Новое надвигается единым девятым валом, где нельзя сразу и понять, что приемлемо, а что нет. Кроме того, этот вал нового всегда гомогенен и не поддается членению. Он или сметает старое, или разбивается об него. Компромиссы, на которые мне могут указать в истории, всегда носили лишь временный характер и всегда были не в пользу консерваторов. Как только революция набирала достаточную силу, она сметала остатки прошлого, или, в лучшем случае, совершалась подмена, когда над отжившим свой век политическим организмом или институтом оставалась одна вывеска безо всякого реального содержания. Примером могут служить все современные европейские монархии.

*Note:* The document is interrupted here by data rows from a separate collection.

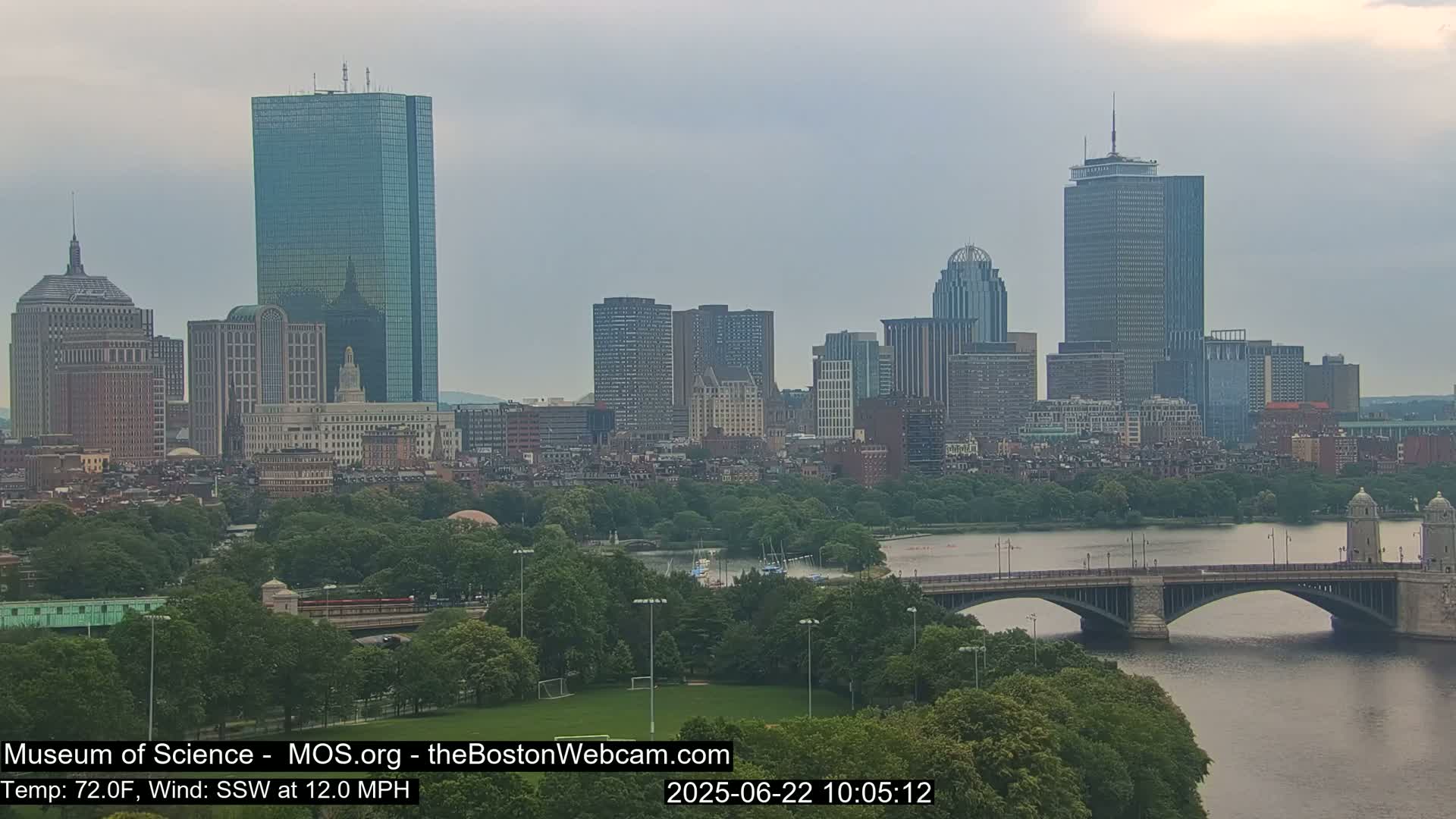 A cityscape with numerous skyscrapers and a bridge over a river, under overcast skies.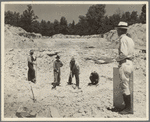 Farmers resettled on Skyline Farms, Alabama, at work in sand quarry under supervision of project manager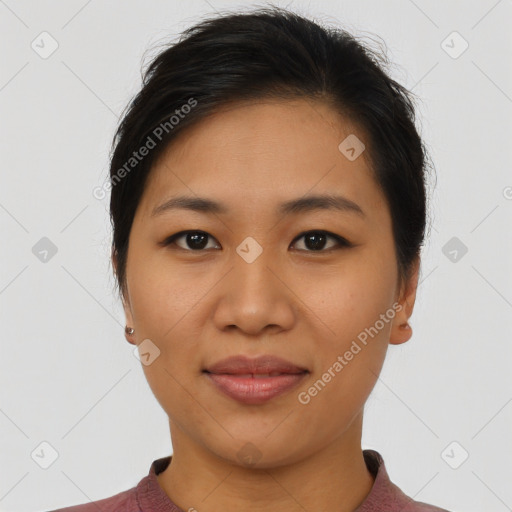 Joyful asian young-adult female with short  brown hair and brown eyes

Неуместное использование термина «консерватизм» всегда будет загонять нас в логические ловушки.
«Консерватизм — это верность себе», — утверждают авторы «манифеста».
Консерватизм европейский — это, конечно, в определенном смысле верность себе. Но верностью себе является и сатанинская вера первых большевиков-изуверов в свое «правое дело».
Но вот верности историческим идеалам нации и ее духовным ценностям консерватизм, по определению, не обеспечивает, примером чему могут служить консерваторы Европы всего XX века, предпочитающие охранять хлам материального благополучия и не рисковать ничем ради Святых Истин.
Так что национальные интересы народа на данном историческом этапе и консерватизм правящего класса — вещи далеко не всегда тождественные. Консерватизм не всегда национален!
Поэтому любые разговоры о политической платформе консервативного характера для объединения русского патриотического лагеря могут быть политологически корректными, только если делается попытка реанимации недавнего прошлого в обертке национал-большевизма. Думается, авторы «манифеста» как раз этого-то и не желают.
Видимо, осознавая свои натяжки в определении консерватизма как некой панацеи национального спасения, они пытаются спрятаться за софизмы о том, что «консерватизм — это любовь к историческому облику», а «будущее — есть улучшенное прошлое».
Любой здравомыслящий человек сразу спросит авторов «манифеста», какое конкретно прошлое нужно улучшить, чтобы вышло непременно светлое будущее? К какому конкретно историческому облику мы должны испытывать трепетную любовь, кем мы хотим быть завтра: комиссарами в пыльных шлемах, павловскими гвардейцами с косами из пакли, стрельцами царевны Софьи или ушкуйниками? Хотелось бы уточнений.